[SUPPLIED ENTRIES Boundary: Start]

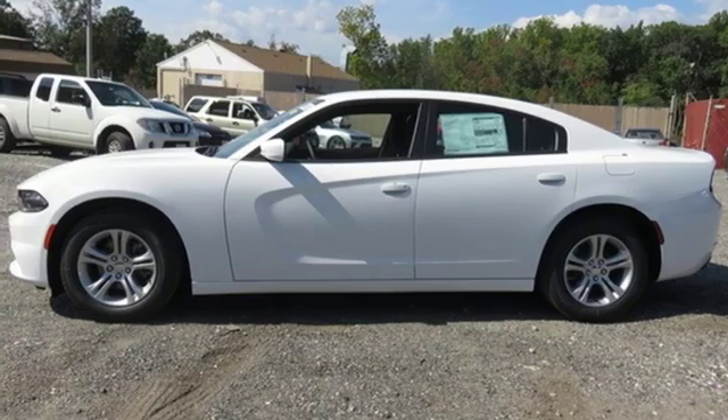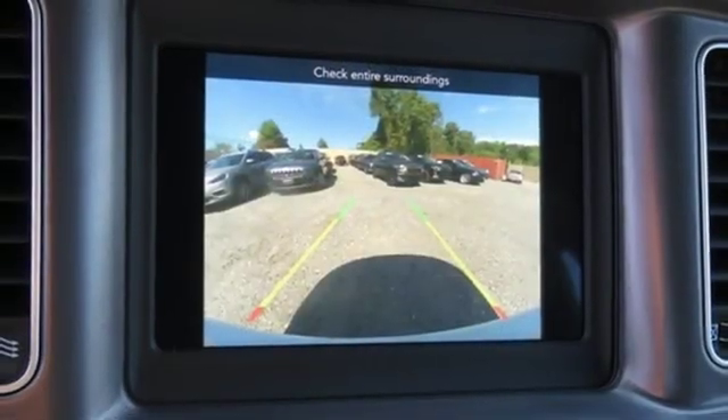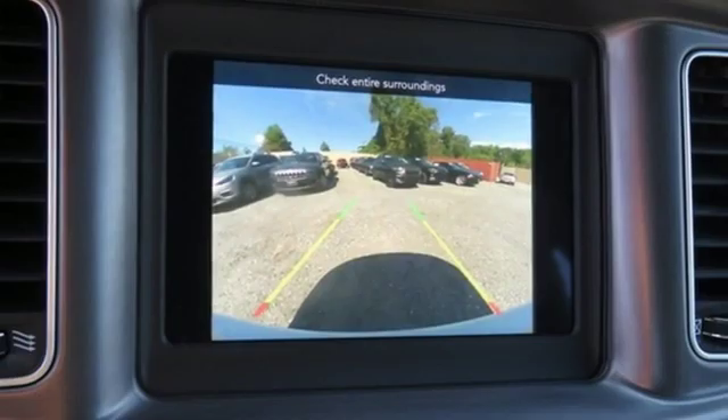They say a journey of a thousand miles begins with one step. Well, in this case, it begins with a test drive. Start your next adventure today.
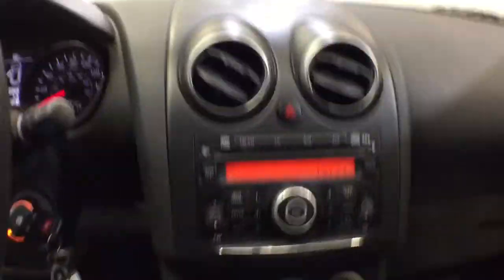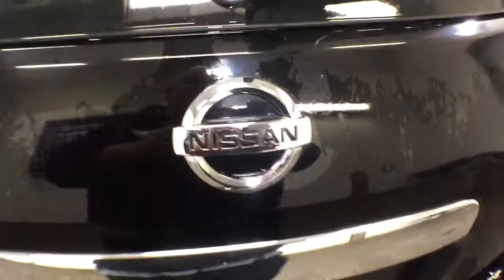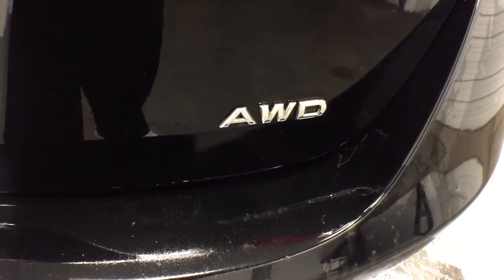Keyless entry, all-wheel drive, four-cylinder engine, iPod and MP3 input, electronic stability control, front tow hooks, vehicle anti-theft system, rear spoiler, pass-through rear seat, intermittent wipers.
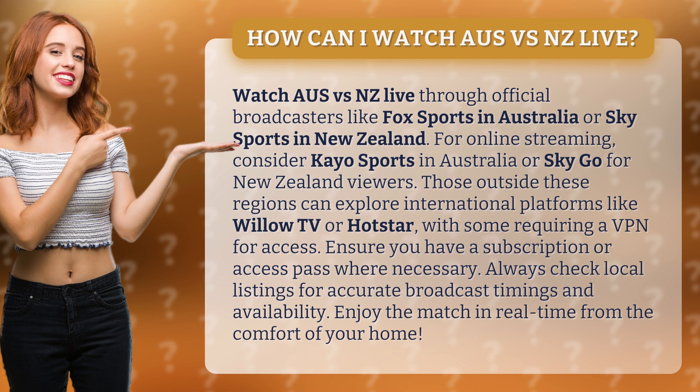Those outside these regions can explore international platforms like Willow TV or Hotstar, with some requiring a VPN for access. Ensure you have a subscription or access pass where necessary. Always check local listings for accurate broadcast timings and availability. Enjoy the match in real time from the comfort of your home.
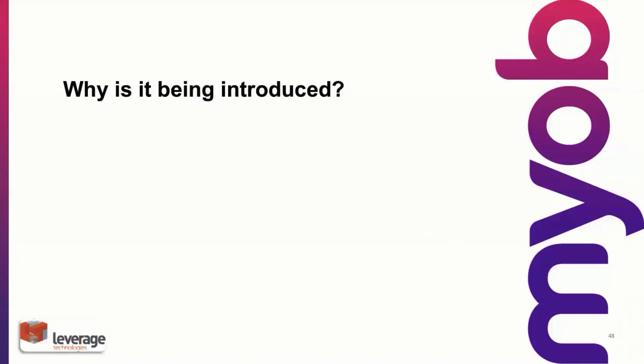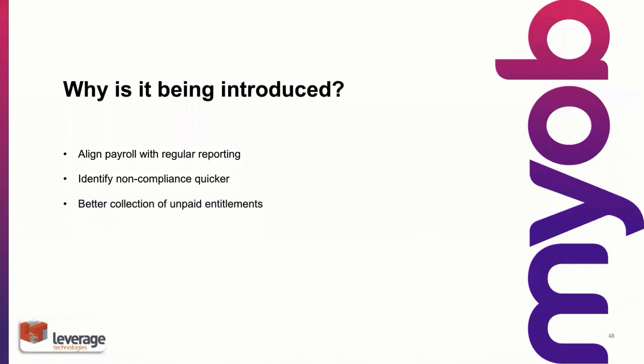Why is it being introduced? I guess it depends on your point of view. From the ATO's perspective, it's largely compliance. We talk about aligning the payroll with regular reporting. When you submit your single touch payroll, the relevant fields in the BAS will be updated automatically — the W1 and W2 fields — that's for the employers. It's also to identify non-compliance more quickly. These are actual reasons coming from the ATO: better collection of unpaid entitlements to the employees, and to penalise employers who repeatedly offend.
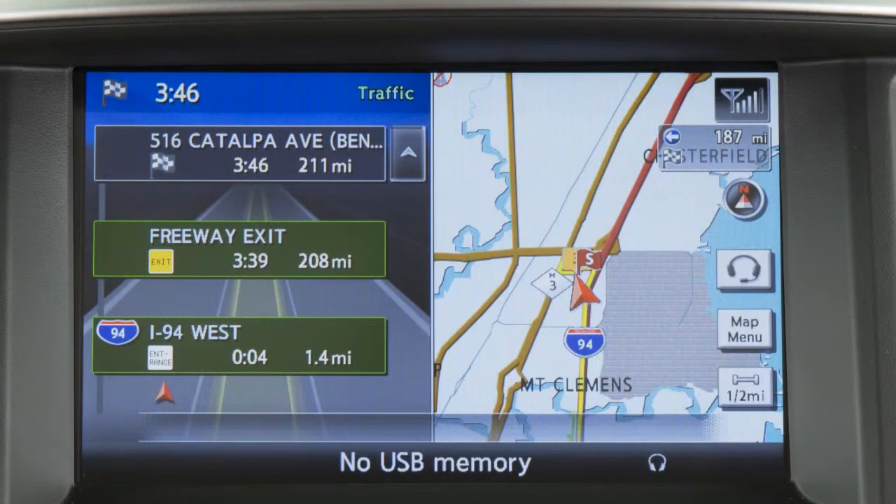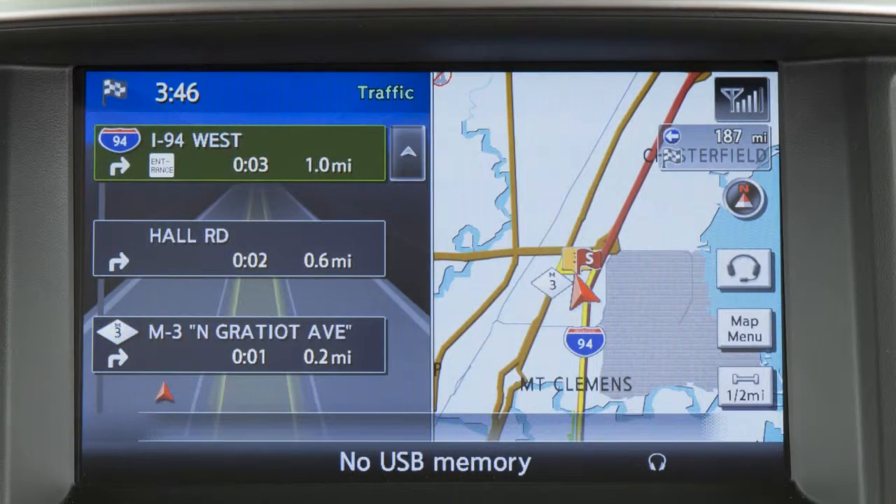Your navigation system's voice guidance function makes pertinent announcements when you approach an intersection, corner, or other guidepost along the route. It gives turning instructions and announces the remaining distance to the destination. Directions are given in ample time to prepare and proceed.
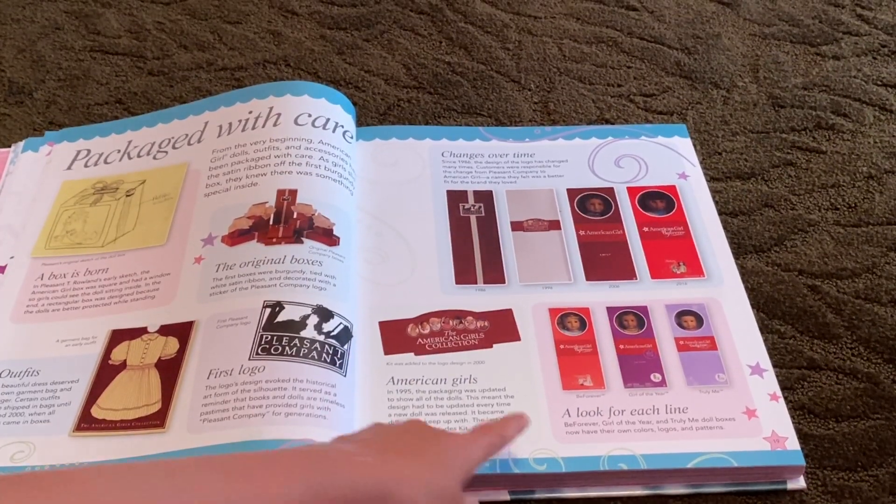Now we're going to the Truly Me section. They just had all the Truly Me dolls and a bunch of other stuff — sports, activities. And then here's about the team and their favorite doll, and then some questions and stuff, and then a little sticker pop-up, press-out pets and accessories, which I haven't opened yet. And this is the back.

[SUPPLIED ENTRIES Boundary: End]

## TASK TO COMPLETE
When copying the entries above, keep each word as it is and exclude any image.

## EXERCISE RESULT
They say a journey of a thousand miles begins with one step. Well, in this case, it begins with a test drive. Start your next adventure today.
Keyless entry, all-wheel drive, four-cylinder engine, iPod and MP3 input, electronic stability control, front tow hooks, vehicle anti-theft system, rear spoiler, pass-through rear seat, intermittent wipers.
Those outside these regions can explore international platforms like Willow TV or Hotstar, with some requiring a VPN for access. Ensure you have a subscription or access pass where necessary. Always check local listings for accurate broadcast timings and availability. Enjoy the match in real time from the comfort of your home.
Why is it being introduced? I guess it depends on your point of view. From the ATO's perspective, it's largely compliance. We talk about aligning the payroll with regular reporting. When you submit your single touch payroll, the relevant fields in the BAS will be updated automatically — the W1 and W2 fields — that's for the employers. It's also to identify non-compliance more quickly. These are actual reasons coming from the ATO: better collection of unpaid entitlements to the employees, and to penalise employers who repeatedly offend.
Your navigation system's voice guidance function makes pertinent announcements when you approach an intersection, corner, or other guidepost along the route. It gives turning instructions and announces the remaining distance to the destination. Directions are given in ample time to prepare and proceed.
Now we're going to the Truly Me section. They just had all the Truly Me dolls and a bunch of other stuff — sports, activities. And then here's about the team and their favorite doll, and then some questions and stuff, and then a little sticker pop-up, press-out pets and accessories, which I haven't opened yet. And this is the back.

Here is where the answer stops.